Friday, June 26, 2015

Road Tax Prosecution of Haulage Operator has Implications for Other Freight Firms

Trade Association Backs Firm to Beat the Authorities
Shipping News Feature

IRELAND – Freight Transport Association Ireland (FTAI) is backing an appeal in the Supreme Court against prosecutions for motor tax offences relating to vehicle weight by road haulage operator Perennial Freight. The FTAI's national council voted to financially back the court action because of its implications for the freight industry in Ireland as a whole. The company, which has over 50 trucks and more than 350 trailers on its fleet, was originally charged with technical offences relating to the unladen weight of the vehicle at the time it was taxed. Chris Smyth, Commercial Director of Perennial Freight, said:

"The laws for commercial vehicle motor tax were written in a different era. The mixed nature of our business means that, on some occasions, a tractor will have to pick up a trailer heavier than the one it was originally taxed with. If this happens, we could be prosecuted for an offence. We think this is unfair and unreasonable. We don't believe that the Oireachtas intended the law to be this way when they wrote it. That's why we have asked the Supreme Court to consider the fairness of these prosecutions against us."

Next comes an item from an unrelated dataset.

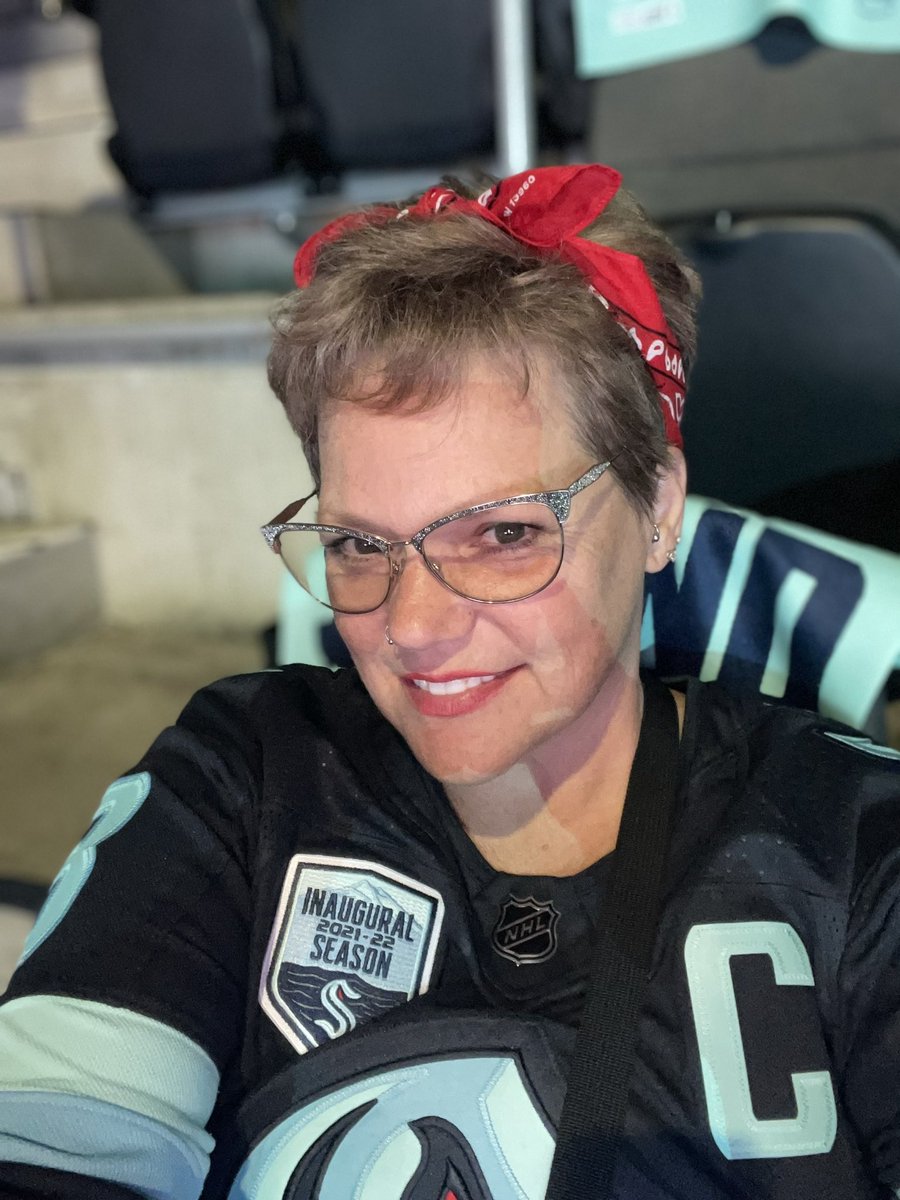 MimiD_23's tweet photo. Let’s go, Kraken…HEY, HEY, what do ya say?!? #seattlekraken #seakraken #climatepledgearena #whereiroot https://t.co/cwhyhC50AJ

The Irish-owned international transport firm is one of the largest logistics companies in Ireland being a substantial employer in the Wexford area which also has offices in the UK, France, Holland and Poland. Jon Goodaker, Operations Manager of Virginia International Logistics, and Chairman of the FTA Ireland National Council said:

"Ireland has the highest rates of commercial vehicle road tax in Europe. The only way operators like Perennial Freight could be compliant with the law as it stands is for them to tax every single truck they have at €5,195 per year. This would make them even less competitive against UK and continental operators, and threaten employment in the company. The laws as they stand should be struck down."

Neil McDonnell, General Manager of FTA Ireland, said that this is a long-running issue is for the Irish freight industry and that the Commission on Taxation, set up by the Oireachtas, identified the shortcomings in the commercial motor tax system and suggested remedies as long ago as 1984, adding:

"We have pressed the Dáil and the Transport Minister on motor tax, to no avail. It is apparent that many international transporters are now registering their operations abroad to avoid the oppressive rates of taxation in this jurisdiction. This also means a loss of driver employment in Ireland.

"There is no point in Dáil Eireann setting up high-powered commissions, and then ignoring their recommendations. Successive governments have done nothing to rectify the situation, leading to the ridiculous position today where thousands of prosecutions have been made against otherwise law-abiding employers. We believe it's time the Supreme Court delivered a message to the legislators to get their house in order, 31 years of inaction on this issue is enough."